About a quarter of women had cancer in the nodes other than the sentinel one, based on the results from those who had the nodes removed. But somehow, this residual cancer did not hurt the patient. That is perhaps because of the radiation the women received. For that reason, Dr. Giuliano said, the results of the study apply only to women who undergo a lumpectomy followed by radiation, not women who undergo complete breast removal, who do not typically get radiotherapy. This statement is made because all the women in this study had radiation treatment, and the researchers speculate that the radiation may have controlled the cancer in the positive lymph nodes that were found.

One shortcoming was that the trial enrolled only about half the number of patients intended, limiting its ability to draw conclusions. Dr. Giuliano said doctors and patients were reluctant to participate because they feared forgoing node dissection would endanger lives. This is a small trial, but most revealing regard is the statement that “doctors and patients were reluctant to participate because they feared forgoing node dissection would endanger lives.” It reminds of the reason given why we can never do randomized controlled trials of mammography screening – because everyone believes it works already. This is why it is so hard to change practice in oncology – what people believe, instead of what they actually know.

Dr. Jennifer K. Litton, a breast cancer specialist at the M. D. Anderson Cancer Center in Houston, said the results could change practice but added, “I don’t think this is going to change overnight.” Again, this is why it is so hard to change practice in oncology – what people believe, instead of what they actually know.

She said the study involved only women with tumors that had a relatively favorable prognosis and longer follow-up was needed because cancer can recur after five years. Another caveat about the trial.

The Interoperative radiation study

The radiation study tested a procedure that uses a probe to deliver a relatively high dose of radiation directly into the breast where the tumor has been removed by lumpectomy and while the woman is still under anesthesia. Some women now undergo a mastectomy instead of more limited breast-conserving surgery because they do not want the weeks of radiation therapy or live too far from a radiation center.

Dr. Dennis R. Holmes of the University of Southern California, who was one of the investigators in the trial, said one of his patients ran a marathon two weeks after getting the one-time shot of radiation. “That would have been very unlikely in someone receiving standard breast radiotherapy,” he said.

The study involved 2,232 women.
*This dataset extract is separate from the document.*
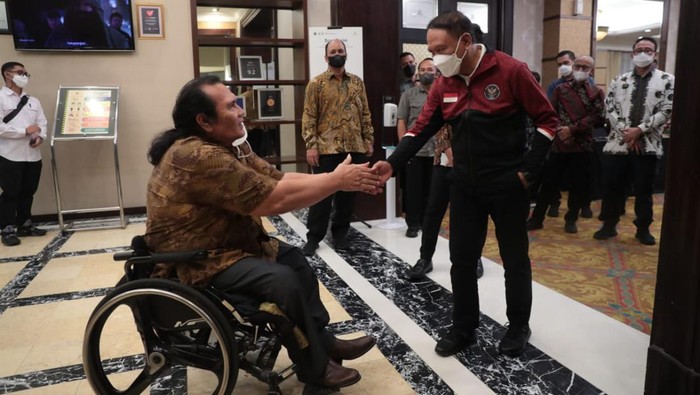 Menpora Zainudin Amali bertemu Ketua NPC Indonesia Senny Marbun di Solo, Minggu (19/6/2022)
After about four years, there were six recurrences of cancer within the affected breast in the women who received the single-dose, or intraoperative, radiation and five cases among those who received conventional radiotherapy.

Statistically, the experimental procedure was “non-inferior” to the standard practice. Undoubtedly, the goal of the researchers was to find their approach better, but it wasn’t. It just wasn’t worse. The frequency of major toxicity was similar in the two groups, the authors reported in The Lancet, which published the study online on Saturday.

The trial was designed by academic investigators and mainly paid for by University College London Hospitals and the British and German governments. Carl Zeiss, the company that makes the machine used, picked up some expenses. Dr. Baum, the lead investigator, is a consultant to the company. This is a conflict of interest.

Dr. Bruce G. Haffty, chairman of radiation oncology at the Robert Wood Johnson Medical School in New Jersey, said “the follow-up isn’t as long as you’d like it to be.” He said cancer can recur after four years and that a large dose of radiation can cause tissue damage that might not show up for three to 10 years. This is BCA’s concern. Researchers had originally planned to analyze the date after 5 years, but did so after most patients in the trial had only been followed for 4 years.